2016/02/13

小間使の日記


  • 1946年アメリカ映画
  • 監督/脚本:ジャン・ルノワール
  • 撮影:リュシアン・アンドリオ
  • 主演:ポーレット・ゴダート/B・メレディス


 NFCルノワール特集です。
 この映画の主人公は召使の青年でしょう。無音の空間で群衆の海が真っ二つに割れ、暗い情熱に生きた青年の刺殺死体が現れるところは圧巻です。

 小間使はあなたの目は恐ろしいと青年を押し退けますが、観客もそれは同じです。この感情移入のしにくい主人公と観客を繋ぐ者がこの勝ち気で野心満々の小間使です。小間使が前面に出ることで映画は明るさとユーモアを得て観客を惹き付けますが、核にあるのはこれ以上も無く暗いものです。

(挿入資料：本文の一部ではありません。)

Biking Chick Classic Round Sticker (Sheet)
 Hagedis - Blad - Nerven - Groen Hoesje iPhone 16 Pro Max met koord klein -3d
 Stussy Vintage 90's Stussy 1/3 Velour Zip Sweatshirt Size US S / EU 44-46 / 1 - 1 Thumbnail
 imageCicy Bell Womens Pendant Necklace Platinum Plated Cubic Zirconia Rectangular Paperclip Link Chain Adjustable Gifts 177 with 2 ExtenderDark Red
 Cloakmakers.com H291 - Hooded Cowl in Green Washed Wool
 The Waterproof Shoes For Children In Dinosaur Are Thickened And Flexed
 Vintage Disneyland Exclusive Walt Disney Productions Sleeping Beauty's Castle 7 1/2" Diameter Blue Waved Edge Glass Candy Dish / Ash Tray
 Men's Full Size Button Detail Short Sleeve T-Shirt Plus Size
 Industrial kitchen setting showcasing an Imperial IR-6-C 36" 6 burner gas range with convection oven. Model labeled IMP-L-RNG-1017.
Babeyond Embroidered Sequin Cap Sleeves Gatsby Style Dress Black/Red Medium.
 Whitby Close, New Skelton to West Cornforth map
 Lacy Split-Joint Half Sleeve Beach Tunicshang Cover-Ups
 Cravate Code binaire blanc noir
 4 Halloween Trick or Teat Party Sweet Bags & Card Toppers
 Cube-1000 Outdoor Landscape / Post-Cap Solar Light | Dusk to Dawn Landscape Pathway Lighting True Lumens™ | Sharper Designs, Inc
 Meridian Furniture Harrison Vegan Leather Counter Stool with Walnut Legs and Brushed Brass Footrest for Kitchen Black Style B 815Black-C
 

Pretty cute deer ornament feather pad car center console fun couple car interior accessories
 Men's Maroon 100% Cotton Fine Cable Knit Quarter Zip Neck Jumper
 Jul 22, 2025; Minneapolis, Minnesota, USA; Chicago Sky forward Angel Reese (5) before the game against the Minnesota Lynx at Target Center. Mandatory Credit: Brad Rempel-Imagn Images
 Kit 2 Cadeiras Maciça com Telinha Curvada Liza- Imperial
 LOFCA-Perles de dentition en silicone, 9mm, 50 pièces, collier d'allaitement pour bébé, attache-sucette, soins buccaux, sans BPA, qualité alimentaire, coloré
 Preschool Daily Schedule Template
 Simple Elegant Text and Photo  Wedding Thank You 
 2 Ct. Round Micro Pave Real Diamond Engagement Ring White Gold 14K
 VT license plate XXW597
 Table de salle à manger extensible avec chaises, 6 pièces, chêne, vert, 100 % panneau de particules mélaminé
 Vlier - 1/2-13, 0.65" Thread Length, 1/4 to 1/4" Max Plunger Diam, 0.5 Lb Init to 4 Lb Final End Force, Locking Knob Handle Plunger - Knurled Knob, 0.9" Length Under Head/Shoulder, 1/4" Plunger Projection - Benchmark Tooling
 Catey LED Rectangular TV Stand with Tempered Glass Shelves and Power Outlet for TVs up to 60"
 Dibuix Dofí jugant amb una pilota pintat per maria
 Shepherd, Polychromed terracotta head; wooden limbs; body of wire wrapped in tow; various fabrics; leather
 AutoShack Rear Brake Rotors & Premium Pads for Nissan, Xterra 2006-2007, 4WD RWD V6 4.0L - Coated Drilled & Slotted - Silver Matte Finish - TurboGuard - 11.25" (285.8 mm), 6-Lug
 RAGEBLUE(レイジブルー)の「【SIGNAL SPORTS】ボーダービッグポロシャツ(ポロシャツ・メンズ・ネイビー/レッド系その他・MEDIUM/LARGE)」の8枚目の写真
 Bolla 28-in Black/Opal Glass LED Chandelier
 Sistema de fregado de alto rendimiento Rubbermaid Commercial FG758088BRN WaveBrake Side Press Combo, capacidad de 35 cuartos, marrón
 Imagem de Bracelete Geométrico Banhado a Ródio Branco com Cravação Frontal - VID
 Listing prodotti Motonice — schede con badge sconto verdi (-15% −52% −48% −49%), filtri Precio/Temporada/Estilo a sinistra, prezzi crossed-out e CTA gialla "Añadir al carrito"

 手のクロース・アップ。ズボンのポケットから柄の付いた鋭利な長く太い針と砥石が取り出される。磨かれる針。家鴨。片手に抱かれた家鴨ともう片方の手の針。家鴨と針は画面から消える。家鴨の長い悲鳴。
 このシーンは映画の中心を成しながら、最後のカタストロフィーを予告していました。

 僕は「ゲームの規則」との類似を思いました。
 小間使にとって当初恋は自分の野心のための手段です。小間使にとって恋はあくまでもゲームです。しかし恋はついに小間使を捉え憎しみの感情を掻き立て狂気へと誘い、召使の青年へと向かわせるのです。「ゲームの規則」でも恋に対して気取った態度を取りゲームとして接しようとしていた人たちが最後には恋によって暗闇へと送り出されました。
 そして殺される家鴨がカタストロフィーを予告していたように、「ゲームの規則」では銃撃され身体を震わせ死んでいく野兎がカタストロフィーを予告していました。温室が悲劇の舞台の一つになることも共通します。

 自分自身の主人になるために、自由になるために十年のものの年月を犠牲にする青年。暗く恐ろしい目をした青年。青年が最後に得るものは自由を祝う革命記念日に浮かれる群衆の中での皮肉な死です。
 僕は心を痛めながらフィルムセンターを出ました。